§ **WORK ITEM**:
In the material below, transcribe every line from the first through the line holding "Ruffled Cuff Button-Down Denim Dress.", exactly, and stop after that line.

§ **TASK INPUTS**:
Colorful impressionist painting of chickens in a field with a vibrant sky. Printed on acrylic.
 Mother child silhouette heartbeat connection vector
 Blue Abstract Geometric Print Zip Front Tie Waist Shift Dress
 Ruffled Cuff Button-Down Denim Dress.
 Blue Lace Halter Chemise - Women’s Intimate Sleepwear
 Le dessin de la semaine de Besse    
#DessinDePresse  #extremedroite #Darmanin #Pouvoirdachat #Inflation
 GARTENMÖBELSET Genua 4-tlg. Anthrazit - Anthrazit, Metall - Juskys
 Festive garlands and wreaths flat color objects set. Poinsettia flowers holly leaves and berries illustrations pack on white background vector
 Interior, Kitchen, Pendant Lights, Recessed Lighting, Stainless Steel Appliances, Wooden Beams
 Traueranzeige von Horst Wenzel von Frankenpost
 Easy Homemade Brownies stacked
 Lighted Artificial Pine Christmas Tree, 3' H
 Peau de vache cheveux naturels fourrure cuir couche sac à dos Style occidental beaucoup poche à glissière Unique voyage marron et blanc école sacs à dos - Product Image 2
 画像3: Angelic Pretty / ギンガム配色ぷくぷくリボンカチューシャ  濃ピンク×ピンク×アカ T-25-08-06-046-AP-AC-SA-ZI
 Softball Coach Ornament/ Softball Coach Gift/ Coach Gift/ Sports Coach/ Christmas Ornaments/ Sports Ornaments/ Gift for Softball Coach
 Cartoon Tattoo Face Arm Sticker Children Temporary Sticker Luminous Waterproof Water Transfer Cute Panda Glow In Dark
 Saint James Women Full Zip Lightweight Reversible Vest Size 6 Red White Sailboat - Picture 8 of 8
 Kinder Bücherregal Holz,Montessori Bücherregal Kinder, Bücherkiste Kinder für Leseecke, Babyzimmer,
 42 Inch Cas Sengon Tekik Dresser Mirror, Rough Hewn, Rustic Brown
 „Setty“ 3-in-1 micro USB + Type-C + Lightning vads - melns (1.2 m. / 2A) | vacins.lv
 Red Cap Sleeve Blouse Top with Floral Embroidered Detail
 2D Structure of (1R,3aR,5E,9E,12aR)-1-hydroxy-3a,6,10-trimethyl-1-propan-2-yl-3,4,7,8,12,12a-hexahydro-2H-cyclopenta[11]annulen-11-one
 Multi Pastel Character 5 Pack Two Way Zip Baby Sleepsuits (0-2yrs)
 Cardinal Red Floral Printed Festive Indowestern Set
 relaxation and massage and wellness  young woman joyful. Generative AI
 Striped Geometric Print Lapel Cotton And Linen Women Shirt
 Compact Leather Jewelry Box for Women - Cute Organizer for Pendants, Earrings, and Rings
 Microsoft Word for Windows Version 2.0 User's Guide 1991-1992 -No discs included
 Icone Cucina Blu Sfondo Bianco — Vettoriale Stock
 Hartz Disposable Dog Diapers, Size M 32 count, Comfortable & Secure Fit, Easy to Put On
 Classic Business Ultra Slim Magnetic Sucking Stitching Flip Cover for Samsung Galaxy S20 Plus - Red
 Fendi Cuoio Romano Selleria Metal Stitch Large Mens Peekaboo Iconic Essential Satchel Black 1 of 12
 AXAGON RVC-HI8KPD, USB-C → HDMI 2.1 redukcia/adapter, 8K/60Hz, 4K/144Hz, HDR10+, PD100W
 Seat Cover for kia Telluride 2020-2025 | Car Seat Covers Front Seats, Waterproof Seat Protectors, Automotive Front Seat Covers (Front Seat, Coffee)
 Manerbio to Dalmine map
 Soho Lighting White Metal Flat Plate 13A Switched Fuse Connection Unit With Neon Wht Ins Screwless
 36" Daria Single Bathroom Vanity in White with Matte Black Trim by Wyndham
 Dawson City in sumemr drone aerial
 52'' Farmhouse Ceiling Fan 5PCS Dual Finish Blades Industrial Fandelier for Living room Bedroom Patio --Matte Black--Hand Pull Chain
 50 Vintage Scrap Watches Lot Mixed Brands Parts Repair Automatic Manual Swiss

§ **RESULT OF THE TASK**:
Colorful impressionist painting of chickens in a field with a vibrant sky. Printed on acrylic.
 Mother child silhouette heartbeat connection vector
 Blue Abstract Geometric Print Zip Front Tie Waist Shift Dress
 Ruffled Cuff Button-Down Denim Dress.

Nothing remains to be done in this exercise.